Saturday, June 15, 2013

Mysore Pak

Mysore Pak is the mother of all South-Indian sweets. It is prepared with chickpea flour cooked with lots of sugar and ghee... as a matter of fact, the chickpea flour is just a humble vehicle that binds together all the sugar and ghee :). It's consistency is like that of a soft, slightly crumbly, and slightly moist cookie. The amount of ghee determines how moist the Mysore Pak is. 

I have prepared an extremely easy microwavable version of Mysore Pak. As easy as it is to prepare the whole thing in a microwave, undeniably, it doesn't taste exactly like the full-blown version. This is my mother-in-law's recipe for preparing Mysore Pak - the authentic way. It is easy to prepare and not as rich as the store-bought ones. It is extremely tasty, nonetheless. 
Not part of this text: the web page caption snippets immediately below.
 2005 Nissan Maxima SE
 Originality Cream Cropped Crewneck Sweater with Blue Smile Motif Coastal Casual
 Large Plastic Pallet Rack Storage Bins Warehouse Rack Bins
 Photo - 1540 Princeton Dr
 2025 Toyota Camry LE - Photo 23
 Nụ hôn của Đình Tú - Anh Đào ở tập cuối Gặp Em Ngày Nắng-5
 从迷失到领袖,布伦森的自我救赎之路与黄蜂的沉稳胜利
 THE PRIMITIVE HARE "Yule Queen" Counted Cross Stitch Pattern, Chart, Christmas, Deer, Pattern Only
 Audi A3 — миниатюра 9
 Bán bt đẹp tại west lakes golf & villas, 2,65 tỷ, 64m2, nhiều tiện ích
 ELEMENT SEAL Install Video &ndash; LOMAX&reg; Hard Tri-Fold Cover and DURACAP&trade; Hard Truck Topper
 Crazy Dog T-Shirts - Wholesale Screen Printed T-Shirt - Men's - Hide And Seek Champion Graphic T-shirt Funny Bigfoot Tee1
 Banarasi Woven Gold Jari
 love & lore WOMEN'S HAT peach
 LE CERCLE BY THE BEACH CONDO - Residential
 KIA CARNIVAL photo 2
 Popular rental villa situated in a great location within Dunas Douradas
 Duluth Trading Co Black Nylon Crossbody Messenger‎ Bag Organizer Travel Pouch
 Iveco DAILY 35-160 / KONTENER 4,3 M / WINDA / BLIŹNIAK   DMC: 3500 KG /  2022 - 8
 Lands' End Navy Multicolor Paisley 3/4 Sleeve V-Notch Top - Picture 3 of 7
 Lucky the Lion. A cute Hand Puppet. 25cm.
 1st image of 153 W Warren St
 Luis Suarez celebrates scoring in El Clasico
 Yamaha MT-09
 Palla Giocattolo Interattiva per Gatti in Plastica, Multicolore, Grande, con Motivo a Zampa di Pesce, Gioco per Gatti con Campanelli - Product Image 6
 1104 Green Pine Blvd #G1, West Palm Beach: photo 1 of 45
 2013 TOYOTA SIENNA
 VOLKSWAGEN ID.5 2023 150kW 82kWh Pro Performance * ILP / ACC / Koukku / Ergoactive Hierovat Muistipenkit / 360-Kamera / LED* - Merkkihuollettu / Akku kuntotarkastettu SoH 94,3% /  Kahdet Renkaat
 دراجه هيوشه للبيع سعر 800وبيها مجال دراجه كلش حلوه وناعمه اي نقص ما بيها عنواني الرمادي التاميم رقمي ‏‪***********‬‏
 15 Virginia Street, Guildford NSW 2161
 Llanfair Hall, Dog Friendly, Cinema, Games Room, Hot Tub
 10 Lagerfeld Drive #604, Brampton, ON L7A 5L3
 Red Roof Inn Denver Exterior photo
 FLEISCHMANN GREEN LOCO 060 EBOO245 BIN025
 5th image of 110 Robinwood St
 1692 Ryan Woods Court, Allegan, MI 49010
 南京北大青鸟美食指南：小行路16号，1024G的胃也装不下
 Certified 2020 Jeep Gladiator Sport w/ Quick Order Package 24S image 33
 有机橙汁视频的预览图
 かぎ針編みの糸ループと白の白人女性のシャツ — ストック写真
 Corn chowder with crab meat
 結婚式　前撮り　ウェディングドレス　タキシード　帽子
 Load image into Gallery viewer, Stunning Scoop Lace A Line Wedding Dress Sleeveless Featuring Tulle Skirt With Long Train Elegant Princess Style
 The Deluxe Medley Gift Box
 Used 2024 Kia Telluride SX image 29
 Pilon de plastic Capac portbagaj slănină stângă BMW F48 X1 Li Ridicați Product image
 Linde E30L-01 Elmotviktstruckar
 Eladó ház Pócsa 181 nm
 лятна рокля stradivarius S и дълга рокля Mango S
Ingredients (comfortably serves 6):
  1.  1 cup besan/chickpea flour
  2. 2 cups sugar
  3. 1/3 cup water
  4. 3 tablespoons + 1/2 cup ghee / clarified butter
Preparation: 
  1. Butter or grease a pan with ghee and set aside.
  2. Sieve the besan and set aside.
  3. In a wide heavy-bottomed pan, heat 3 tablespoons of ghee over medium heat. When the ghee is warm, reduce the heat to low and roast the besan for about 5 minutes until there is a pleasant aroma of besan wafting through your kitchen.
  4. Immediately put the besan in a bowl and crumble and break up all the little lumps (if any) with your hand or a fork. It is important that the besan be smooth in texture, for a lumpy besan results in a Mysore Pak with a course/lumpy texture. Some tiny lumps are inevitable, so don't go crazy in annihilating every microscopic lump.
  5. Dissolve the sugar and water in the same pan used to roast the besan. Set the heat on medium and stir for about 2 minutes until the sugar and water are well incorporated. 
  6. Now slowly add the besan to the sugar-water, mixing constantly to avoid any lumps. 
  7. Add a couple of tablespoons of ghee and keep stirring the besan on medium heat. Keep stirring constantly. When the besan looks dry or sticks to the pan, add a little more ghee and stir. Don't add all the ghee at once, for the besan will absorb it all in no time and demand for more. It's like ghee-blackhole. No matter how much you add, the besan absorbs it all. So, keep adding the ghee in small installments whenever the besan is dry or sticky and keep stirring.
  8. Keep stirring until the besan leaves the sides of the pan and comes together as a glistening mass (see picture). It takes about 15 minutes to reach this consistency. 
    Consistency of cooked besan. Top: The besan in the hot pan. Bottom: The besan in the greased pan, ready to be smoothed and cut into Mysore Paks
  9. When you reach this state, immediately take the pan off heat and transfer the cooked besan onto the greased pan. Do not leave the besan in the hot pan. A few seconds changes the consistency of the besan. 
  10. Tap the pan to remove air bubbles and gently smooth the besan on top with a greased spatula. 
  11. Let it rest for a couple of minutes. Before the besan cools to room temperature, cut the besan into squares or diamonds. Let it cool to room temperature. 
  12. When it is cool, the cooked sweet would have slightly hardened. Gently remove the Mysore Paks from the pan (do not invert the pan, gently remove each square of sweet) and store in an air-tight container at room temperature, for about a month. 
Enjoy the Mysore Paks! 



If your Mysore Pak seems crumbly, it means you skimped on the ghee or let the besan cook a little longer. No worries, they still taste good. And if your Mysore Pak is too chewy and doesn't harden, it means the besan should cook a little while longer. You could put the whole thing back in the pan and heat it a little more, but you need to do this before the besan completely cools down. With a little practice, you can identify the right consistency. Make in small batches and practice away! :)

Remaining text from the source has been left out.